For some polling data shows that ― more than a decade and a half after the global financial crisis ― there is growing trust in business. Fairly or not, this contrasts with the way that many view a large number of politicians today, and indeed also the private sector too in the immediate aftermath of the financial crisis of a decade and a half ago.
Declining confidence in firms was one of the key legacies of that crisis. And that growing distrust in business was illustrated not just in polls, but also by significant protests, including the "Occupy Movement" which came to international prominence in Wall Street in 2011 in its campaign against social and economic inequality. The Occupy demonstrations, often driven by younger people, subsequently spread to around 1,000 cities and over 80 countries.
The potentially significant change in attitudes, since then, comes amid a wider rebound in perceptions of the private sector, on measures including competence and ethics. Increasingly, people expect corporates to play a greater role in society, including helping tackle the range of grand problems facing the world, including climate change and the obesity epidemic.

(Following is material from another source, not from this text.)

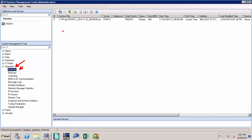Here we currently have only one archive, and this one archive is a primary archive and there is nothing else. Note that the primary archive is the archive to which current values are being written. When the primary archive becomes full, it will start overwriting itself. However, with auto-archiving enabled, this can be avoided.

This shifts the paradigm popularized by Friedman toward one favored by Michael Porter.
Perhaps the key idea behind Porter's shared value concept is that corporate competitiveness and the health of society at large are mutually dependent and reinforcing. He argues that firms can therefore secure competitive advantage by creating value for society as well as shareholders by capitalizing on the connections between societal and economic progress, helping drive a new wave of sustainable growth for years to come.
Given the growing range of grand challenges facing the world, now is therefore the time to increasingly step up to the plate on this agenda. It is the time to walk the walk, not just talk the talk in the Swiss snowscape.